Andorranische Euro erneut auf dem Verhandlungstisch
15/11/2006 Die EU fordert mehr Bankenkontrolle im Austausch für die Erlaubnis zur Emission andorranischer Euro-Münzen.
Um einen andorranischen Euro zu sehen vergehen noch mindestens zwei Jahre. So hat es Aussenminister Juli Minoves erklärt, in Bezug auf die Verhandlungen mit der EU zur Prägung andorranischer Euro-Münzen.
Andorra hat ein Mandat um die Anfertigung nationaler Euro zu verhandeln, aber die EU-Wirtschafts- und Währungsabteilung will Gegenleistungen. Die Hauptforderung ist eine grössere Kontrolle des andorranischen Finanzsystems.
„Die Europäische Union fordert immer recht viel in den Verhandlungen, aber wir müssen die Interessen Andorras wahren“, sagt Minoves und hebt hervor, dass es unverhandelbare Aspekte wie das „Bankgeheimnis gibt, da es auch Länder wahren die Mitglieder der EU sind und Euro-Münzen ausgeben (Österreich, Belgien und Luxemburg)“.
Weit entfernt von den ursprünglichen Fristen:
Der EU Ministerrat für Wirtschaft und Finanzen (Ecofin) gab am 11. Mai 2004 grünes Licht für die Verhandlung zwischen Andorra und der EU zur Prägung andorranischer Euro als gesetzliches Zahlungsmittel und als Sammlerstücke. Die Aussichten bei Beginn des Verfahrens zeigten an, dass man die Verhandlungen schnell abschliessen könnte. Nach Erklärung der damaligen Finanzministerin Mireia Maestre, sollte der andorranische Euro voraussichtlich schon „Mitte nächsten Jahres (bezieht sich auf 2005)“ in Umlauf sein. In der Analyse die anfangs stattfand hatte man nicht das ganze Ausmass der EU- Gesetzgebung einkalkuliert an die sich Andorra anpassen müsste um die Emission durchzuführen. Der Regierungswechsel und das Paket von Wirtschaftsgesetzen haben dazu geführt, dass alle ursprünglichen Fristen absolut veraltet sind.
EU-Mandat
Noch mit Marc Forné als Regierungschef gibt Ecofin im Mai 2004 grünes Licht für die Verhandlung zur Prägung andorranischer Euro.
Verhandlungskommission
Die Finanzministerin Mireia Maestre vertraut darauf, dass die Münzen Mitte 2005 im Umlauf sind. Man gründet eine bilaterale Sachverständigenkommission für Finanzen und Aussenpolitik.
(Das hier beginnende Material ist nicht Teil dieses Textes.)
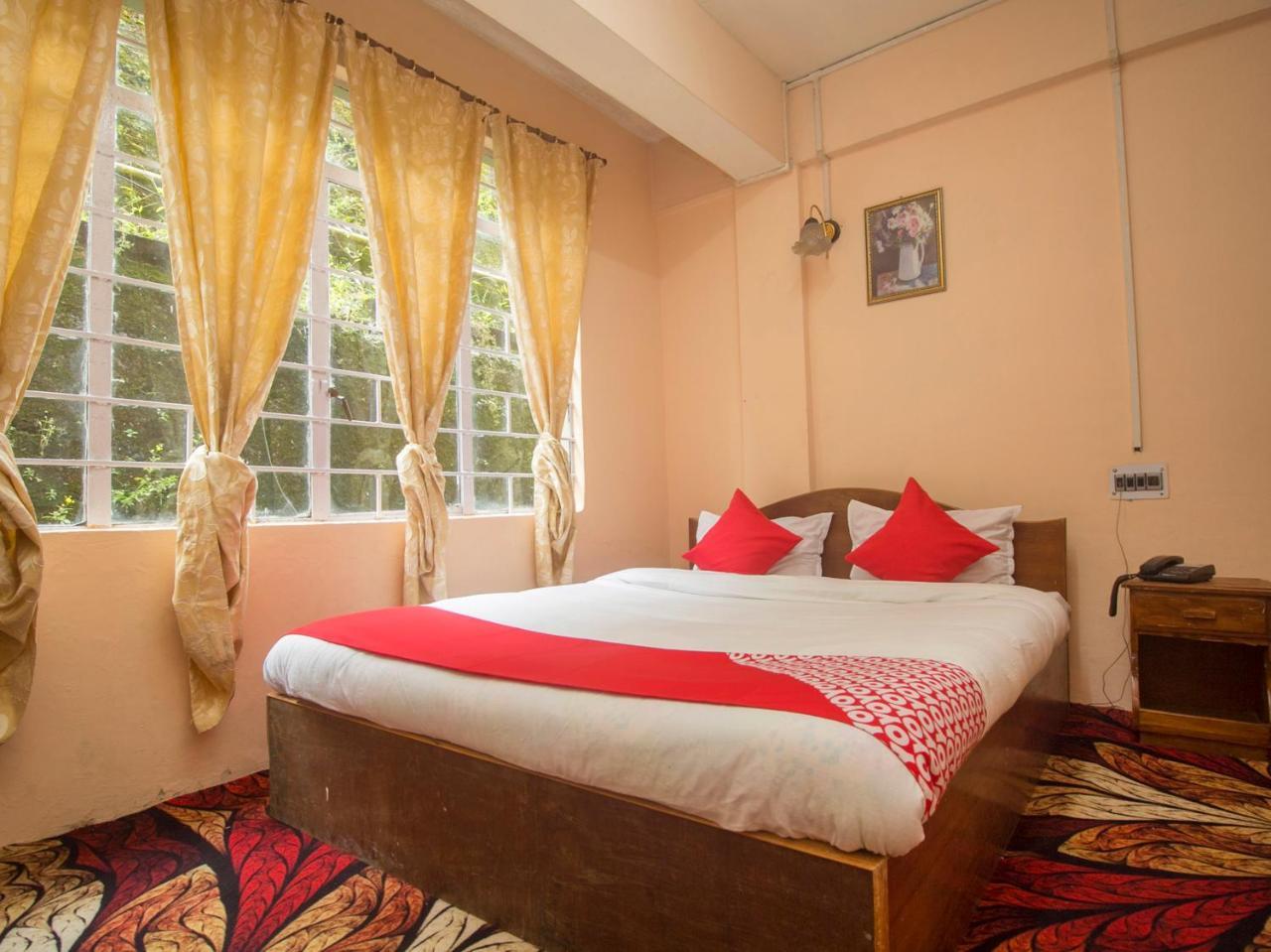 Oyo 18751 Belle View Hotel Darjeeling (West Bengal)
Benachrichtigung von Almunia Der Kommissar für Währungsangelegenheiten, Joaquín Almunia, sendet im Juni 2006 einen Brief an die Regierung von Albert Pintat in dem er nachfragt, warum die Verhandlungen stagnieren, da die Kommission seit langem nicht mehr zusammenkommt.
Antwort von Pintat Das Antwortschreiben von Pintat erklärt, dass man weiterverhandeln will, aber langsamer, da die Regierung andere Prioritäten hat, wie z.B. das Paket der Wirtschaftsgesetze.
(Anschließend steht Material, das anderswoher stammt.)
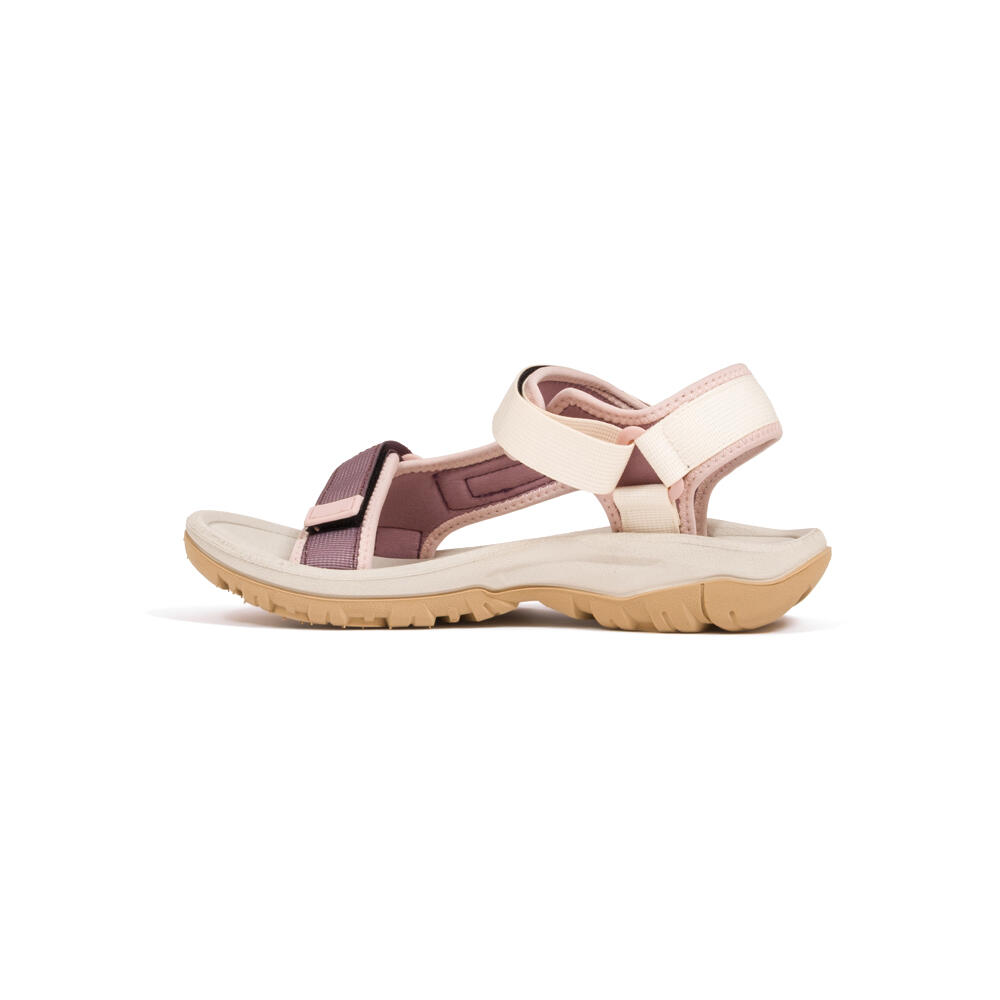Damen-Spaziersandalen – MANGO 2/7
Almunia erwidert Joaquín Almunia sendet einen Brief im September 2006 in dem er darauf hinweist, dass er verstanden hat, dass Andorra die Verhandlungen einstellen will. Der Europa-Kommissar warnt, dass wenn diese eingestellt werden, Andorra ein neues Mandat von Ecofin benötigt um die Verhandlungen erneut zu beginnen.
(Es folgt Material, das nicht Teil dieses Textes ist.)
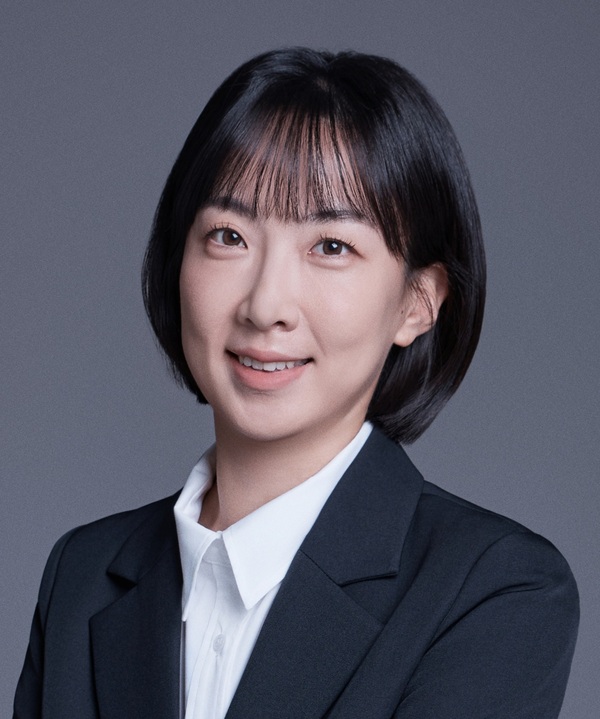 정빛나 국방부 대변인. /국방부 제공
Pintat berichtigt Der Regierungschef weist Almunia per Brief darauf hin, dass er die Nachricht der Regierung nicht richtig verstanden habe.
Er weist darauf hin, dass man die Verhandlungen nicht abbrechen will. Als Beweis schlägt er ein Treffen der Sachverständigenkommission vor.
Treffen der Kommission Ende September 2006 trifft sich die bilaterale Sachverständigenkommission mit positiven Resultaten, gemäss Juli Minoves. Bald soll es ein politisches Treffen geben.